Secondo i dati del Global Music Report 2018 dell’IFPI, il mercato discografico mondiale – trainato dallo streaming e con il download in calo – cresce per il terzo anno consecutivo, ma è solo al 68,4% del picco registrato ai tempi d’oro del 1999.
Nel 2017 il mercato discografico mondiale è cresciuto (del 8,1%, con un ricavo totale di 17,3 miliardi di dollari) per il terzo anno consecutivo, grazie soprattutto allo streaming che – con un aumento del 41,1% e 176 milioni di utenti di servizi a pagamento – è diventato la principale fonte di entrate.
Lo affermano i dati del Global Music Report 2018 dell’IFPI (Federazione Internazionale dell’Industria Discografica), secondo cui l’espansione dello streaming, al 38,4% del settore, ha più che compensato le riduzioni degli utili dei supporti fisici (del 5,4%) e dei download, meno 20,5%. Il terzo anno consecutivo di crescita fa seguito a quindici anni di significativa contrazione degli introiti, per cui il fatturato 2017 corrisponde solo al 68,4% del picco registrato nel 1999.
Per quanto riguarda l’Italia, Enzo Mazza, Ceo di FIMI (Federazione Industria Musicale Italiana) parla di un calo «per lo più dovuto a una revisione delle basi contrattuali con le piattaforme, ma i primi mesi del 2018 hanno già mostrato un nuovo balzo con lo streaming (+67,5%) che supera il fisico, comunque in crescita nel primo trimestre (+5,8%)».
Resta in primo piano la questione del “value gap”, ovvero la disparità tra i ricavi che provengono da alcune piattaforme rispetto a quanto viene corrisposto agli aventi diritto.

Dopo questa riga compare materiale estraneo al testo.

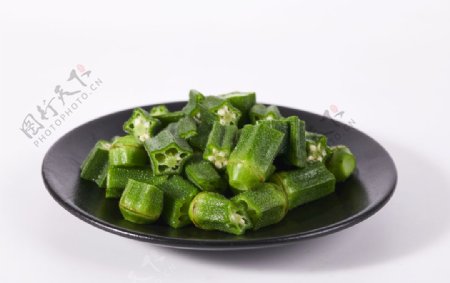 秋葵蔬菜配菜背景海报素材图片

Per questo – sottolinea la IFPI – è fondamentale individuare la soluzione giuridica adeguata per risolvere questa discriminazione.
Enorme, ad esempio, il divario tra lo streaming audio e video: gli utenti del primo sono 242 milioni e generano 5 miliardi e 569 milioni di dollari di fatturato, mentre dal miliardo e 300 milioni degli appassionati di video arrivano soltanto 856 milioni. Le discontinue applicazioni delle leggi sulla responsabilità online hanno infatti incoraggiato alcune piattaforme a sostenere che non sono responsabili per la musica resa disponibile al pubblico.